Wednesday, December 3, 2014

Resolving Systemic Problems in Child Protection Services, PART TWO of 9

Part two of Nine

 Resolving Systemic Problems in Child Protection Services

               By Ray Ferris

 Ferris retired after a career that included significant years with the MCFD. He has written a book entitled 'The Art of Child Protection.' This is the first in a series of pieces Ray will write here. You can order Mr. Ferris' book entitled 'the Art of Child Protection' by contacting the author directly at rtferris@telus.net.
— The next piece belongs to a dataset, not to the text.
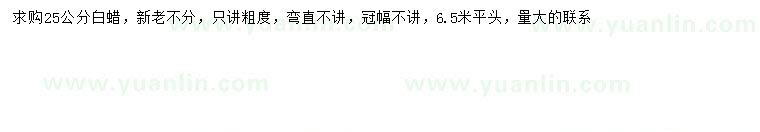 求購(gòu)25公分白蠟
How to define the problems.
                  Some simple tests can be made to define systemic and non-systemic problems. Consider this: - There have been a number of systemic changes over the years, but whichever system has been used, there have always been staff who could make the system work reasonably well and those who could not. This has been a reliable constant. We can infer from this that the most important factor has been the skills and commitment of the various staff. No system will work without a definable and teachable body of skills. These skills will take time to learn. They will be learned by a combination of theoretical instruction and supervised field practice with only manageable responsibilities. This training programme will take two or three years. It is most important that there is a high quality mentoring during that time. It should be noted that this training will not be provided by the various schools of social work. They do not teach the skills of child protection and they do not pretend to do so. This has been noted in both the Gove and Hughes reports.
                  The systemic change to be made would be to fund and plan an in-service training programme, which will define and teach the necessary skills. An important component of this would be an ethical training programme and a clearly defined code of ethics. I will return to this topic in a later context.

Specific cases.
                  I think perhaps that the best way to illustrate some of the problems in the protection services is to look at some specific cases in which the practice inside and outside the courts has wandered far away from what was intended by the members of the legislative assembly when they enacted the CF&CSA.
                  Our current system is based on the clauses of the CF&CSA. This act, for all its flaws, does have some good principles. Some are set out as guidelines and others as statutory requirements. We are reminded that the parents are the ones who bear primary responsibility and if they can make their children safe at home, then every help must be given to do so. Kinship contact must be maintained and, when care becomes necessary, that priority must be given to placement with relatives.
                  Throughout the act it is implicit that it is bad for young children to suffer lengthy separations from primary caregivers and so there are admonitions to dispense with cases as quickly as possible where young children are concerned. This speedy resolution is not only in the guidelines, but also in the statutory timelines of the act.  It is well established in child welfare literature that separation from a parent or other primary care giver can quickly cause a number of anxiety disorders and they are called attachment deficit disorders, or sometimes they are grouped under the post traumatic stress categories. So the intention of those who framed the act is that cases must within seven days be made accountable to the court and that the presentation is swift and summary so that parents can start getting their day in court within 45 days. No temporary order can be made on children under five years of age for more than three months and temporary care may not exceed one year.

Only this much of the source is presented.